4. Образец воздержания Добродетельный герой, способный отвернуться от удовольствия как от искушения, в которое он умеет не впадать,- фигура, хорошо знакомая христианству;

также в ходу была идея, что этот отказ способен дать доступ к духовному опыту истины и любви, который сексуальной деятельностью якобы исключается. Однако и в языческой античности известна фигура этих атлетов воздержания, которые являются настолько хозяевами себя и своих вожделений, что могут отказаться от сексуального удовольствия. Задолго до чудотворца Аполлония Тианского, который раз и навсегда дал обет целомудрия и всю свою жизнь больше не имел половых отношений', Греция знала и почитала подобные образцы.
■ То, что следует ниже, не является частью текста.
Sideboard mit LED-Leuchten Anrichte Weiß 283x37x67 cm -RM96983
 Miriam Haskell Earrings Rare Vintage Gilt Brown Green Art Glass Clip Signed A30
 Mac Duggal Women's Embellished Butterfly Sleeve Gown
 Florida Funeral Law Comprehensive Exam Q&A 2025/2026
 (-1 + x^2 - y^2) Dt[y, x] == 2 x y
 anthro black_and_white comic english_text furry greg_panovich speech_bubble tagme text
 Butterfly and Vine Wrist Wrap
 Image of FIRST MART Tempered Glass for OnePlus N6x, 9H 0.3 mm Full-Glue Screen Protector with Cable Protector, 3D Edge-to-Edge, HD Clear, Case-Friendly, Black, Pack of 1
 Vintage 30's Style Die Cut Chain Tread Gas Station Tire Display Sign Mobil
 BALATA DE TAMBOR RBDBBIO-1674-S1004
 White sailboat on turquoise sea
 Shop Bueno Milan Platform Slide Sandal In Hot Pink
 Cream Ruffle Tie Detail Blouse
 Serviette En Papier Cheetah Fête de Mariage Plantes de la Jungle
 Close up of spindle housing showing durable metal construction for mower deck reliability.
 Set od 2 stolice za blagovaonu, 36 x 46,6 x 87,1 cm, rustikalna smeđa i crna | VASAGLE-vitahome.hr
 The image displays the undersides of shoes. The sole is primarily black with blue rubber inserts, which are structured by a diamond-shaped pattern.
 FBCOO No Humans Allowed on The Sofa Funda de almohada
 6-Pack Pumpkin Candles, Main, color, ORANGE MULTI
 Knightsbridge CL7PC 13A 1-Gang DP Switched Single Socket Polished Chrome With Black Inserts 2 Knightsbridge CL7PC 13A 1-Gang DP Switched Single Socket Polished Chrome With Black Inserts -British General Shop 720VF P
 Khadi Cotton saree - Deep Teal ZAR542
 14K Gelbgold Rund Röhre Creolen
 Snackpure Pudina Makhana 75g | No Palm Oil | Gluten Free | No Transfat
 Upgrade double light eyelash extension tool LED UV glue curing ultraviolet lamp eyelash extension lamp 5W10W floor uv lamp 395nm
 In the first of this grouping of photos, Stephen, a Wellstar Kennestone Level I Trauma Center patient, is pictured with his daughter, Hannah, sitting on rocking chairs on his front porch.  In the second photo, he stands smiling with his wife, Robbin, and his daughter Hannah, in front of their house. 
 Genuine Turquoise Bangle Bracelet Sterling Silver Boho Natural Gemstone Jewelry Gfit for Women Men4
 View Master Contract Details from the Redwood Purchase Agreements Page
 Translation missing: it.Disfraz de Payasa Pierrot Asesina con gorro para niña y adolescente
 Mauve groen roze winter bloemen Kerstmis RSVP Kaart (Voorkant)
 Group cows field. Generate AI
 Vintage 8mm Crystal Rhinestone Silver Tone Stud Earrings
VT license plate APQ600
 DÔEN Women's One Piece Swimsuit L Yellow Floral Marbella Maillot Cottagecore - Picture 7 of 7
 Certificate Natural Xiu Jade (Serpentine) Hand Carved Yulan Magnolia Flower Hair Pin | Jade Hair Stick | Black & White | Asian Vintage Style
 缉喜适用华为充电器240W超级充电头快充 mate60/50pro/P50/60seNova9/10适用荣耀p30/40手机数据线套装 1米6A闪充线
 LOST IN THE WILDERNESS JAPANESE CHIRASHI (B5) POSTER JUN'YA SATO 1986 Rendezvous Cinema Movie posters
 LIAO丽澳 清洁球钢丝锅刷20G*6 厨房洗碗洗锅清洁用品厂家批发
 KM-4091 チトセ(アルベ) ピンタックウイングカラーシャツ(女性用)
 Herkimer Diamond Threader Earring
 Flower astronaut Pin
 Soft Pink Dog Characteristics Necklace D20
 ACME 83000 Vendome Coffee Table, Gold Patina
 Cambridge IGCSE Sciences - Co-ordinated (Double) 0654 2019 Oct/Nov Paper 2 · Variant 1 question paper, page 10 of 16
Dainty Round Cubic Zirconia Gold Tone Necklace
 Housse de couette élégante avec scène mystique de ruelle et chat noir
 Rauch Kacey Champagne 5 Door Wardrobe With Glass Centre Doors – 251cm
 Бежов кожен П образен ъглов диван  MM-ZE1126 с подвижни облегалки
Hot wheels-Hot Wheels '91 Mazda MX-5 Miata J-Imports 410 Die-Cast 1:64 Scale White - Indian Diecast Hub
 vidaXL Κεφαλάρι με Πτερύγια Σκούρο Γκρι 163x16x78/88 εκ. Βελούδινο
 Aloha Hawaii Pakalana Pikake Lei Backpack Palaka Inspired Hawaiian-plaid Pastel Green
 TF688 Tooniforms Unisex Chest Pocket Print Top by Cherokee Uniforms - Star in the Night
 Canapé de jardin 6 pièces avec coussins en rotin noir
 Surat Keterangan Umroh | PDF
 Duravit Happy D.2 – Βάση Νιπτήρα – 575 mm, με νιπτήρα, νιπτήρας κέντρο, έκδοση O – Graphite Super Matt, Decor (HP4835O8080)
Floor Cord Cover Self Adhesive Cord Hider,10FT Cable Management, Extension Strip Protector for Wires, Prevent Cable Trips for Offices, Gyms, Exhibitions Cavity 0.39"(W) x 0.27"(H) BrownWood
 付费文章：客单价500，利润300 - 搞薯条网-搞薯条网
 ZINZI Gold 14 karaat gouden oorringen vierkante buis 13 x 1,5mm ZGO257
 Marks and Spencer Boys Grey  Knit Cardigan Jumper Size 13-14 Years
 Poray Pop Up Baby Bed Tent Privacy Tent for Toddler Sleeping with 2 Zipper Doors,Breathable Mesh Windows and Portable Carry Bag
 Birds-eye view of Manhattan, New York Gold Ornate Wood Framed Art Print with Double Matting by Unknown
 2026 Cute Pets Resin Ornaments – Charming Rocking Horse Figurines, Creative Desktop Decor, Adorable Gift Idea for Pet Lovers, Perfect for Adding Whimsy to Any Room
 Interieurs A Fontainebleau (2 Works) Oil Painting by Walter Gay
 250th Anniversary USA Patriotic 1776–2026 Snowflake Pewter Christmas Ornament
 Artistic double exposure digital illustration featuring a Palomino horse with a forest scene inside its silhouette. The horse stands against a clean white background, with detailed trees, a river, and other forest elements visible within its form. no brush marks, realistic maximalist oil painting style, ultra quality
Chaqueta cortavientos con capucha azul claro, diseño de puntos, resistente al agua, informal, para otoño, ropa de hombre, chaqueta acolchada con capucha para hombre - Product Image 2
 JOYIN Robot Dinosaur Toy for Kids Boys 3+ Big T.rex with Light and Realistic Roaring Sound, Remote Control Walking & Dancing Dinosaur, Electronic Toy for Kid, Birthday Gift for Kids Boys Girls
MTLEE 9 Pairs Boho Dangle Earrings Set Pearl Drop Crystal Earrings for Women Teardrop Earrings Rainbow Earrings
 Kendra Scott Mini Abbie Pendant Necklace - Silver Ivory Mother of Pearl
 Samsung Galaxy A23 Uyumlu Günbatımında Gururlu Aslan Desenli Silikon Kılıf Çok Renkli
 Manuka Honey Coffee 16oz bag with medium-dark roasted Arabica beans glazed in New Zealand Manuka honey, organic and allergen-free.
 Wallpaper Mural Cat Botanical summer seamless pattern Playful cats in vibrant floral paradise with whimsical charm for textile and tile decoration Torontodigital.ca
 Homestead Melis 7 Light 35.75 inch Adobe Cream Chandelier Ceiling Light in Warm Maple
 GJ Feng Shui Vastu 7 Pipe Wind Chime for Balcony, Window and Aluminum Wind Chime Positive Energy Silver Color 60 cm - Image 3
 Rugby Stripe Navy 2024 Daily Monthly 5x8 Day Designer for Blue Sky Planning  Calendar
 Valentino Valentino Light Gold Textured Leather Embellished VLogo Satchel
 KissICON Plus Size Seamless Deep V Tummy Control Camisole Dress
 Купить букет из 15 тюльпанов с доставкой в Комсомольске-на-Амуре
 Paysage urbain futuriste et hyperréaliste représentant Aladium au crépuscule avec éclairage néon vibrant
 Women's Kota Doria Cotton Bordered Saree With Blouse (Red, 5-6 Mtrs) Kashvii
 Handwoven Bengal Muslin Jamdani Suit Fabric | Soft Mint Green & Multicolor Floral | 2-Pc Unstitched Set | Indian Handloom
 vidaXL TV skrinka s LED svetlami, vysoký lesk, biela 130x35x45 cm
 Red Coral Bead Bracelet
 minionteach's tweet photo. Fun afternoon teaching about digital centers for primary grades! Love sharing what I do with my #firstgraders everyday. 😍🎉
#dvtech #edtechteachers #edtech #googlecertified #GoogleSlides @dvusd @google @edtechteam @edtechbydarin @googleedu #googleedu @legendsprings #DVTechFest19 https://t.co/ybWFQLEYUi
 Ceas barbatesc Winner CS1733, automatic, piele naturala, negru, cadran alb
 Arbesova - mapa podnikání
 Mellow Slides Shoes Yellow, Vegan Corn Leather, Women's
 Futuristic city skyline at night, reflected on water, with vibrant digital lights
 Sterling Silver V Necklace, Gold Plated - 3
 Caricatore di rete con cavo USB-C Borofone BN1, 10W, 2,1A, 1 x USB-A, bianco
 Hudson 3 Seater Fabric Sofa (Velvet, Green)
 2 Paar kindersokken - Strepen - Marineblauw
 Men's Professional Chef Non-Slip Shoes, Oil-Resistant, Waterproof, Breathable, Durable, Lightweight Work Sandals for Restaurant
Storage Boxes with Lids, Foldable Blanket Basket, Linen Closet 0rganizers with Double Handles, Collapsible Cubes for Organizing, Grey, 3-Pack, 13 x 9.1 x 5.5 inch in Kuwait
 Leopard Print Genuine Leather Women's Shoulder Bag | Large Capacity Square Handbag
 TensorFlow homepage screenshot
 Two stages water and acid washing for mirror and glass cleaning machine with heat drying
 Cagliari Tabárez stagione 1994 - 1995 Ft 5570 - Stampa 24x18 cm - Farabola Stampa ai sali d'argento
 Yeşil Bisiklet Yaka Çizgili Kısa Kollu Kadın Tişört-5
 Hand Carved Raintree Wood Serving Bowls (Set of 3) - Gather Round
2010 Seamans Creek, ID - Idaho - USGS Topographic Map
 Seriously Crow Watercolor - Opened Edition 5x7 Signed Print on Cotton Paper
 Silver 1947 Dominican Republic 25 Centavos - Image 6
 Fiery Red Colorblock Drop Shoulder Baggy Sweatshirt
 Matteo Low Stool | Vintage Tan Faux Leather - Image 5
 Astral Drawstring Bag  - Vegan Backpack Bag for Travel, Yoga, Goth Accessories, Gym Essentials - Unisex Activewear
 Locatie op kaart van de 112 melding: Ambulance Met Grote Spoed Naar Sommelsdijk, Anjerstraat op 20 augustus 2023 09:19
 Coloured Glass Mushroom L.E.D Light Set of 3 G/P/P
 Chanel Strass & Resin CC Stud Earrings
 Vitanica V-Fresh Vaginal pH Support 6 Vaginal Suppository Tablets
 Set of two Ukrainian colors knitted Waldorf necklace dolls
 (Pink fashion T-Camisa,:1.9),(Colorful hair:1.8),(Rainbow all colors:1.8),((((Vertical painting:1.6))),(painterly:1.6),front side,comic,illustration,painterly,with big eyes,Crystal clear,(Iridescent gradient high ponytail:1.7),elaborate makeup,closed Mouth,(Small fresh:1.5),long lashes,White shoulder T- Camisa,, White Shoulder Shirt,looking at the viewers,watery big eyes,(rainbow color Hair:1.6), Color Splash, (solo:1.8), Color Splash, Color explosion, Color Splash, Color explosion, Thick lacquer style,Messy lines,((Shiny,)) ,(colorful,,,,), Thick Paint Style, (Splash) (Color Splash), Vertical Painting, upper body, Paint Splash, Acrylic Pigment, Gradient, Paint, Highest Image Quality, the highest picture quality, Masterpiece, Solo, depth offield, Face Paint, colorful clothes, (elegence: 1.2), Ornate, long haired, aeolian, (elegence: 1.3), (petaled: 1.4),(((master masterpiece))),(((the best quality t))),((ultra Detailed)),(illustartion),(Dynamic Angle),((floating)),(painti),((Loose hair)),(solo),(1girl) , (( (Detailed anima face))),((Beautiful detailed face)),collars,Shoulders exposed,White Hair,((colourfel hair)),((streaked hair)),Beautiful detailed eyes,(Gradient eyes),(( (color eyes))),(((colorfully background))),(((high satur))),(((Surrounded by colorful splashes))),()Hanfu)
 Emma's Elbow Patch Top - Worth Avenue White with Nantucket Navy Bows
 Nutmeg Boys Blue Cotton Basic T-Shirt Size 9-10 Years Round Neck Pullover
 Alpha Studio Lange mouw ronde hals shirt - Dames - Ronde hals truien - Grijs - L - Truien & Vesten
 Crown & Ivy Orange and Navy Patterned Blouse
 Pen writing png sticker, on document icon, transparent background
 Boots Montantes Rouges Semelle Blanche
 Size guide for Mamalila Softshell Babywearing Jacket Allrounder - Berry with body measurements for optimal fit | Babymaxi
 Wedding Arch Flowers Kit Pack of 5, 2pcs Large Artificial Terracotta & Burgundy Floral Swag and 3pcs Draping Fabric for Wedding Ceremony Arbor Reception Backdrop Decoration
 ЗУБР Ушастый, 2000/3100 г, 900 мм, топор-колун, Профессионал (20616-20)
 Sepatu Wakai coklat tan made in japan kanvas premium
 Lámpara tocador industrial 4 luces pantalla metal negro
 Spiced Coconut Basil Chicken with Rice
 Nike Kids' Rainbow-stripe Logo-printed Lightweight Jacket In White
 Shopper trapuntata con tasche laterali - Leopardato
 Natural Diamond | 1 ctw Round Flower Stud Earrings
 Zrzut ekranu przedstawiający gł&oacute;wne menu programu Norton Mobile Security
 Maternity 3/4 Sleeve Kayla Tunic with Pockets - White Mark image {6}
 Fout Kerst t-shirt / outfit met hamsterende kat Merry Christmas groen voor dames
Для некоторых эта чрезвычайная добродетель была зримым свидетельством овладения ими самими собой и, следовательно, того, что они были достойны взять на себя власть по отношению к другим.

_ 1 Philostrate, Vie d'Apollonius de Tyane, 1,13.

Так, Агесилай у Ксенофонта не только "не прикасался к тем, кто не вызывал у него никакого желания", но отказывался целовать даже мальчика, которого любил;

равно он заботился о том, чтобы жить либо в храмах, либо на виду у всех, "чтобы все могли быть свидетелями его воздержанности"1.

Но для некоторых это воздержание было прямо связано с такой формой мудрости, которая приводила их в непосредственный контакт с высшим по отношению к человеческой природе началом и давала им доступ к самому бытию истины: именно таков Сократ в Пире, к которому все желали приблизиться, в которого все были влюблены, мудрость которого все стремились себе присвоить - ту мудрость, которая в том себя и проявляла и именно тем себя и испытывала, что сам он был способен не посягать на вызывающую красоту Алкивиада2. Тематика связи между сексуальным воздержанием и доступом к истине вполне уже обозначилась.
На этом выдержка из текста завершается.